# [ENTRIES PROVIDED]
--
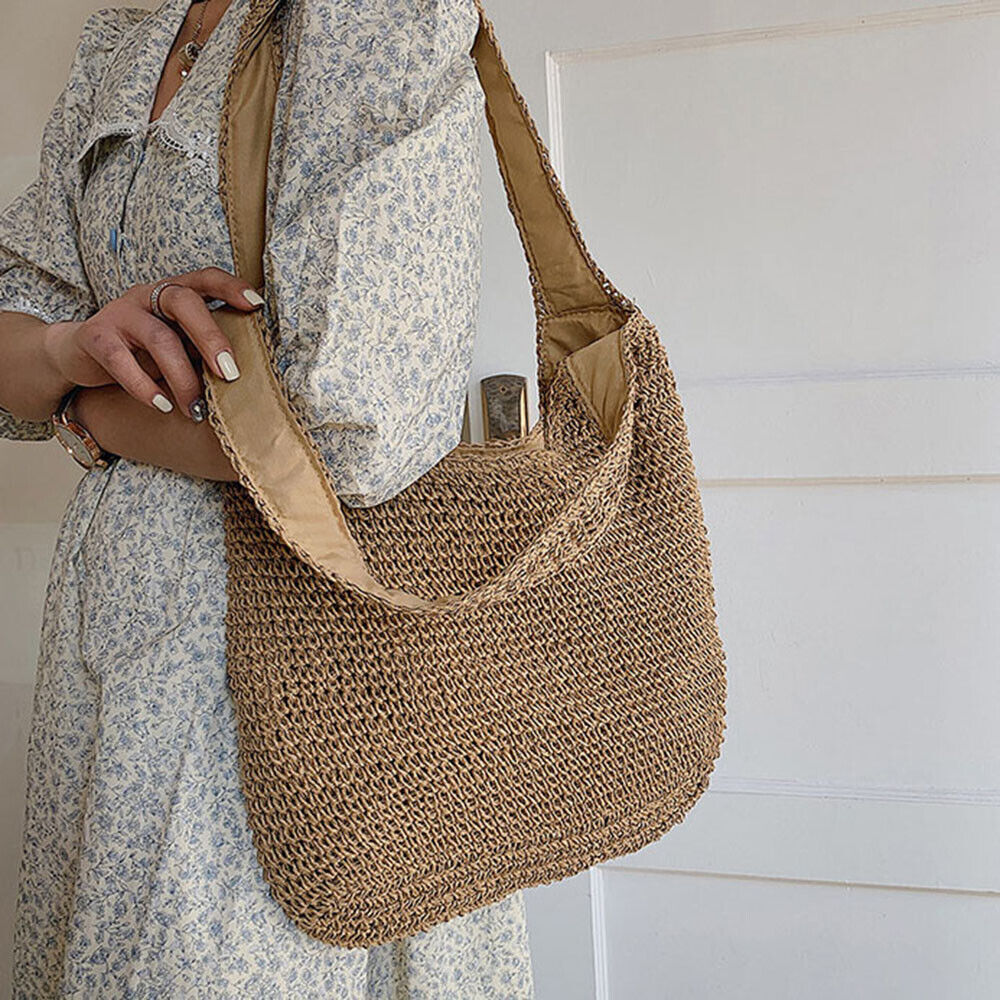 Womens Woven Straw Shoulder Bag Large Summer Beach Bag Handbag Tote with Zipper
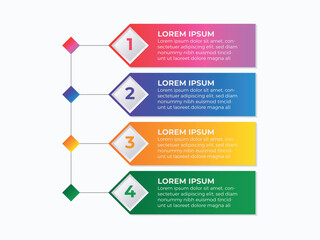vector illustration infographic design template with 4 steps. Template for process, presentations, layout, banner, brochure.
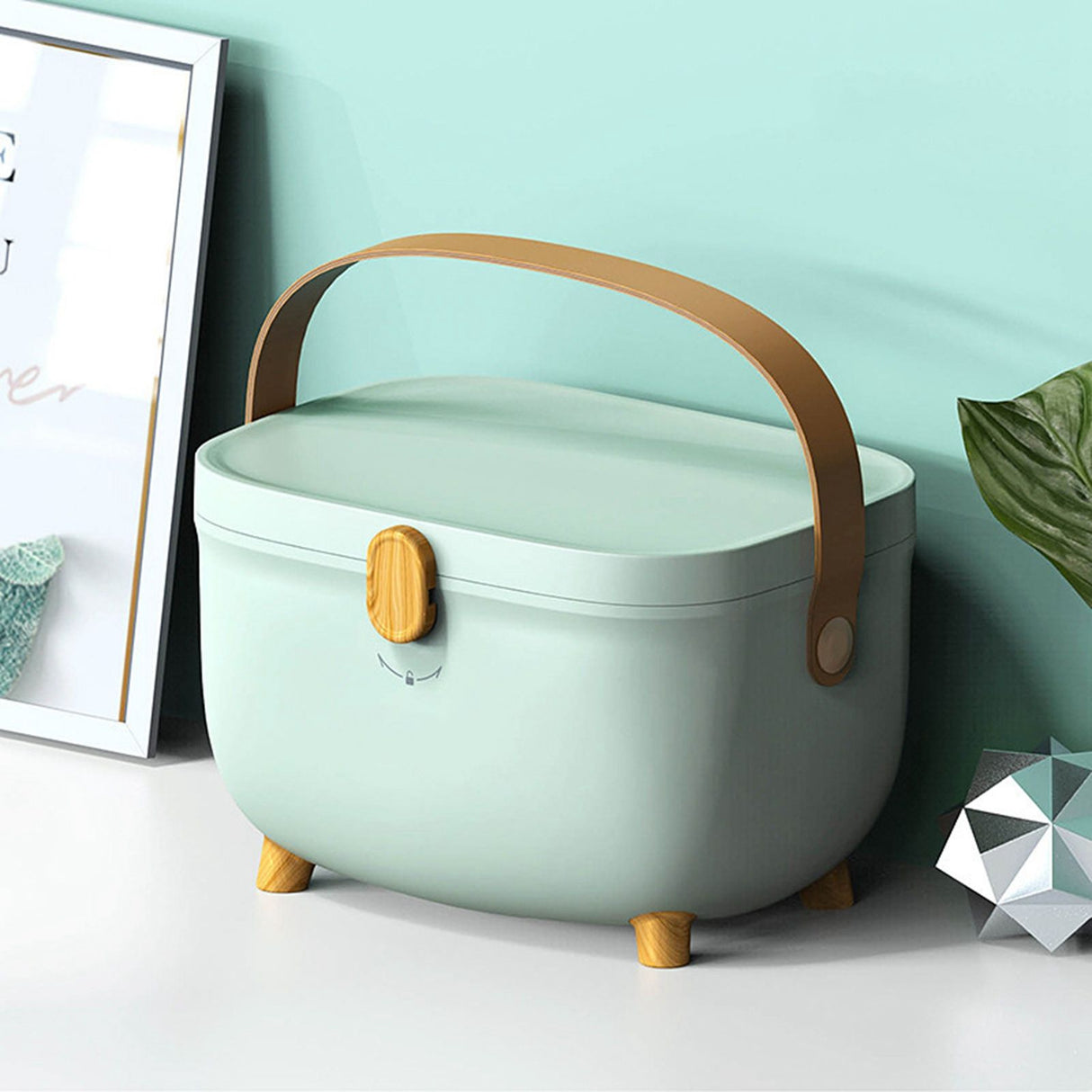 Plastic Medicine Storage Box Oval Double Layers Multi Grid Large Capacity Medical Box Organizer for Home Dorm Green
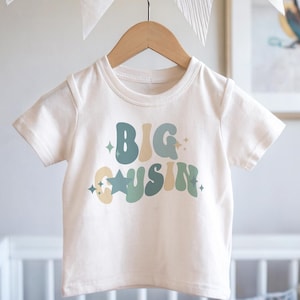 Cousin T-shirt, Sibling T-Shirt, Promoted to Big Cousin,Retro Top, Cousin Crew T-Shirt, Neutral T-Shirt, Baby Announcement, Matching Cousins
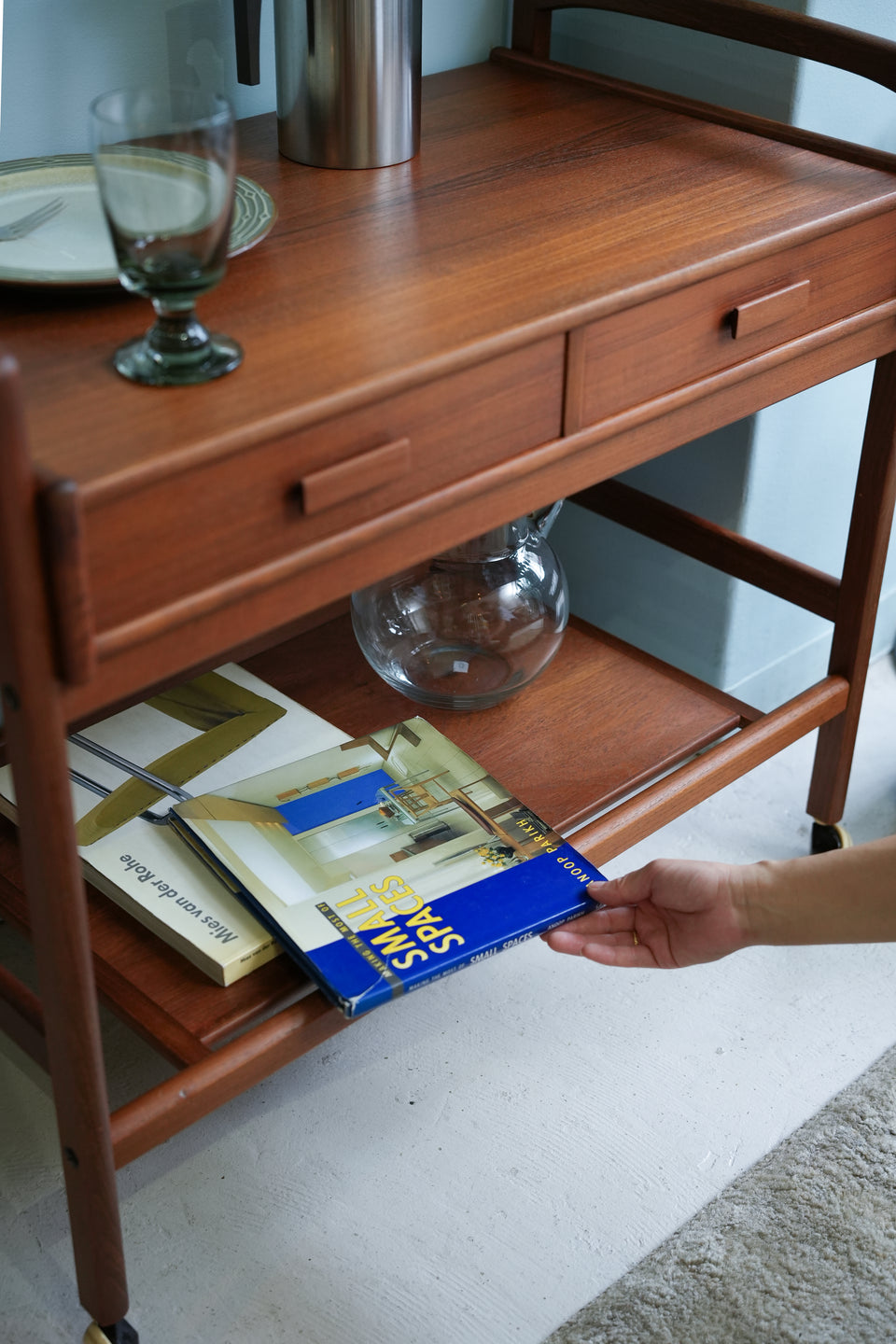 デンマークヴィンテージ サービングトロリー ワゴン チーク材 北欧家具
--
For this exercise, reproduce the data above exactly from the line containing "Cousin T-shirt, Sibling" through its final line, both ends included, with no pictures in the copy.

# [SOLUTION TO THIS TASK]
 Cousin T-shirt, Sibling T-Shirt, Promoted to Big Cousin,Retro Top, Cousin Crew T-Shirt, Neutral T-Shirt, Baby Announcement, Matching Cousins
 デンマークヴィンテージ サービングトロリー ワゴン チーク材 北欧家具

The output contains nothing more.